When I asked my mom in her late 60‘s what she had dreamed of being when she was a girl, she had difficulty even answering me. Is it any wonder? Didn’t 1920‘s society just assume that girls would want to grow up and be a wife and mommy? Give them dolls and teach them how to cook and clean, right? What a waste!

My mom must have felt such a conflict within herself for so long. She resonated with the feminist ideals of finding yourself and building a meaningful career and yet stayed in a traditional marriage and spent her days taking care of 4 kids and doing mind-numbing secretarial work.

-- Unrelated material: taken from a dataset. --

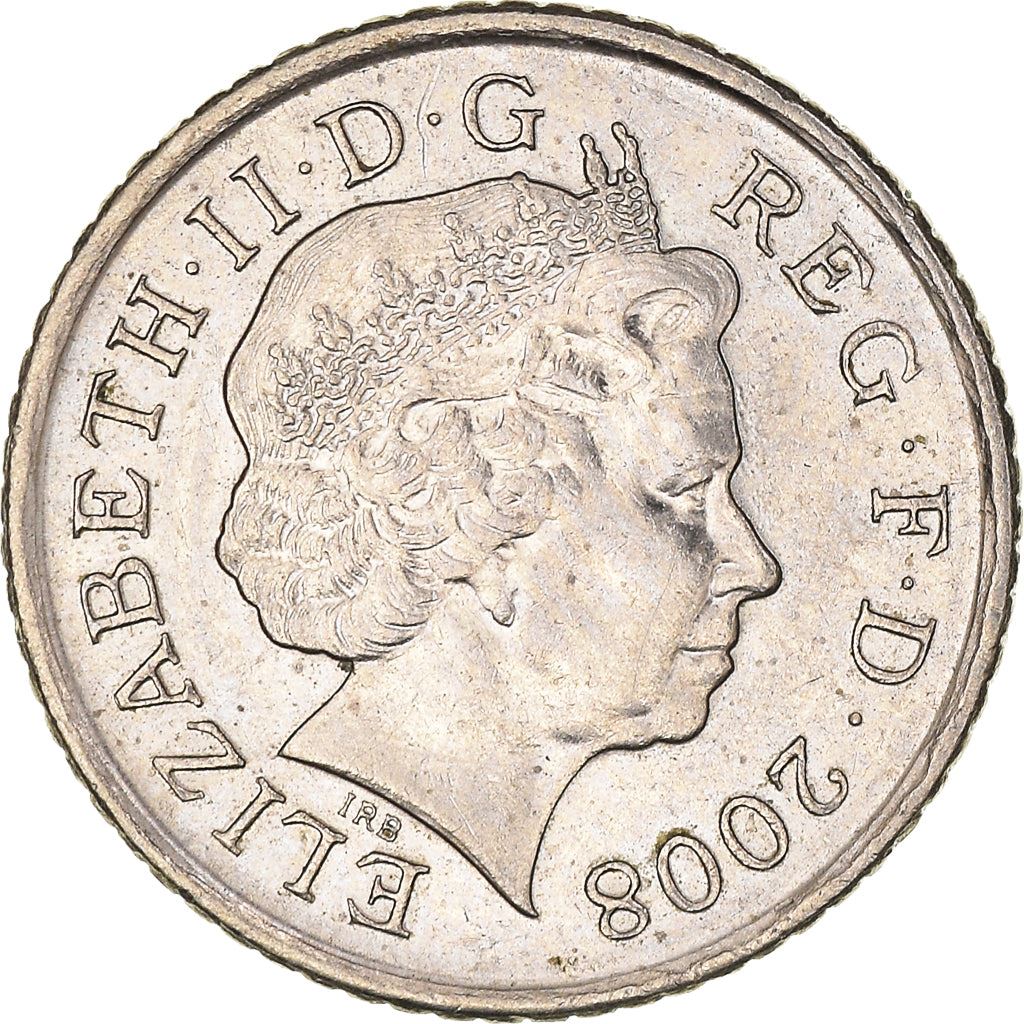 United Kingdom 5 Pence - Elizabeth II 4th portrait | Crowned Thistle | Coin KM988 1998 - 2008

Please don’t get me wrong; my mom adores my dad. She always did. But she dreamed of something more than marriage for herself and for her daughters. She cajoled and encouraged and pushed me to take a different path; to be more than a wife and mommy, to graduate from college and find work that I could make my own. I have her to thank for this career that I love.

So, after decades of denying any part of herself beyond wife and mommy, my Mom is slowly losing her mind. Is that just coincidence? I don’t think so. Ironically now as the Alzheimer’s progresses, she becomes a lot less like feisty Lilith and more like docile Eve with each passing month.

Today I watch my mom’s brilliant wit and intelligence fade away and I am sad. Sad for the loss of the outrageous woman who was my mother. I am sad that my opinionated mother cannot figure out how to hold onto herself and her opinions any longer. And I am very sad that my 11 year old daughter will never really know her grandmother’s strength or her powerful presence.

I am also sad because I look around the “memory care unit” where my mom lives and I see what the future holds for her. I do not understand why she clings to a life that consists of eating and sleeping and not much else. She is kept safe and fed as every week she fades a little further away, like an old photograph fading over time. And I wonder what the point of this slow fade to death is. Years as a healer have taught me that God always has a good reason for everything. But I really cannot figure out the point of Alzheimer’s.

I watched “You Don’t Know Jack” a few weeks ago on HBO; it’s a movie about Jack Kevorkian, the euthanasia doctor that the press nicknamed Dr. Death. I watched that movie and I puzzled over how some people could condemn and despise Jack Kevorkian for helping suffering people to die. Granted, Jack is an opinionated old coot and he does not make it easy to like him. But his heart is huge and his intent seemed pure to me. I wonder if anyone who has watched a loved one suffer on the edge of living for months or years could condemn Kevorkian?

Is keeping my mom’s body fed and alive while her brain slowly dies a noble, caring act? Or would helping her to die quickly be more noble? At this point, I certainly don’t know what’s more right or more noble. Ironically, my mom was a big proponent of euthanasia before Alzheimer’s set in. She had a living will drawn up years before her illness became apparent. Yet today if you ask her, she will say emphatically that she wants to be resuscitated if her heart stops. Even as barren as her days seem to me, my mom still wants to be here.

Here she stays. I have trouble killing a bug, so there is no way I’m going turn into Kevorkian here. All I can do is watch her slow decline with sadness. I wish that I could somehow make it all better for her – and for me and my siblings. But all that I can really do is turn Mom over to God again and again and again. And try to remember that God has it handled.